J’avais proposé dans une lettre-programme en 2011, publiée dans votre journal, un programme de sortie de crise, en expliquant qu’il fallait le faire démarrer au début de 2012, pour que lorsque la chute des recettes interviendra en 2017, nous aurions cinq années de fonctionnement du nouveau modèle de gouvernance. Je disais aussi que chaque semaine perdue se paiera très cher! Nous y voilà!

- Quelles en seront, selon vous, les conséquences sur les plans social et politique?

La réalité de l’Algérie de demain se caractérise par un Etat déliquescent, une société malade et une économie vulnérable, volatile, dépendante, en déficit de moyens de financement. Autrement dit, un pays ouvert à tous les dangers. D’où la nécessité du changement de système de gouvernance pour parer aux menaces, profiter des opportunités et construire l’Algérie de l’espoir.

Ce qui nécessite une mobilisation pacifique pour la construction d’une autre culture politique fondée sur le pluralisme, la gestion des conflits et la prise en charge des divergences.

Pour ce faire, il semble qu’un partenariat politique à finalité démocratique qui prône la libération de la société est inéluctable. Un partenariat fondé sur une stratégie, un organigramme et des tâches planifiables.
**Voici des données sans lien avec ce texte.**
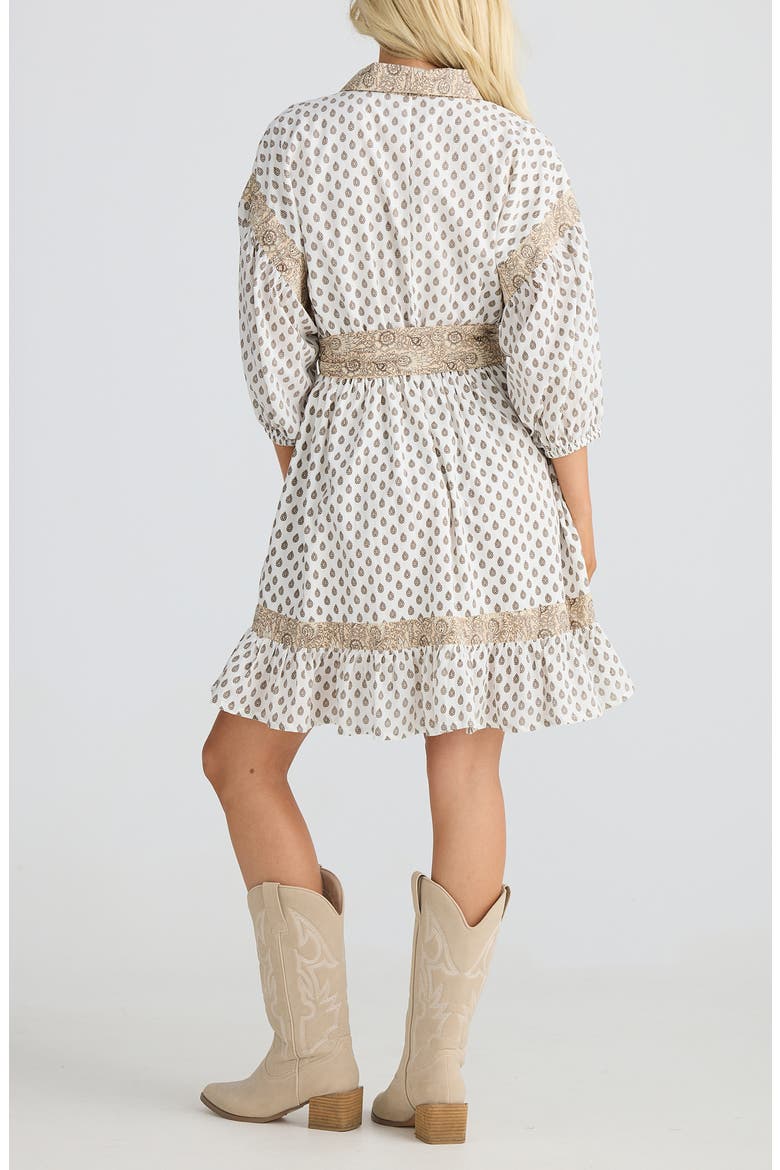 Echo Print Tie Waist Shirtdress, Alternate, color, TEMPLE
Dans les conditions actuelles et prévisibles à moyen terme, l’explosion de la rue demeure le scénario le plus probable. D’où la nécessité de travailler pour une mobilisation massive de la population et des parties prenantes pour un changement négocié, dans les meilleurs délais, pour éviter l’explosion fatale pour les tenants du pouvoir et pour la population.

Il faut bien considérer qu’avec l’explosion de la rue, ce sont les maux actuels dans la société ainsi que l’influence des réseaux sociaux qui définiraient les comportements des émeutiers ; d’où la forte probabilité de l’avènement du communautarisme autour de questions de langue, de religion et de régionalisme ; l’avènement du grand banditisme ; l’élargissement du champ de la corruption et de la prédation ; les méfaits de la perte de la morale collective : vol, alcoolisme, drogue, violence, prostitution… ; la quasi disparition des institutions de l’Etat et bien d’autres maux, à l’image de ce qui se passe en Syrie, en Irak, en Libye, au Yémen…

Cependant, l’avènement du changement négocié fera apparaître, fatalement, la volonté de s’accaparer du pouvoir par les différentes parties prenantes : les éléments engagés dans la société civile, mais divisés ; les partis de l’opposition en rangs dispersés ; les partis qui gravitent autour du pouvoir actuel avec leur opportunisme diviseur ; la classe des nouveaux riches par la corruption. Il s’agit là de divisions, d’oppositions et de données fiables qu’il faut prendre en charge lors de la confection du programme de changement.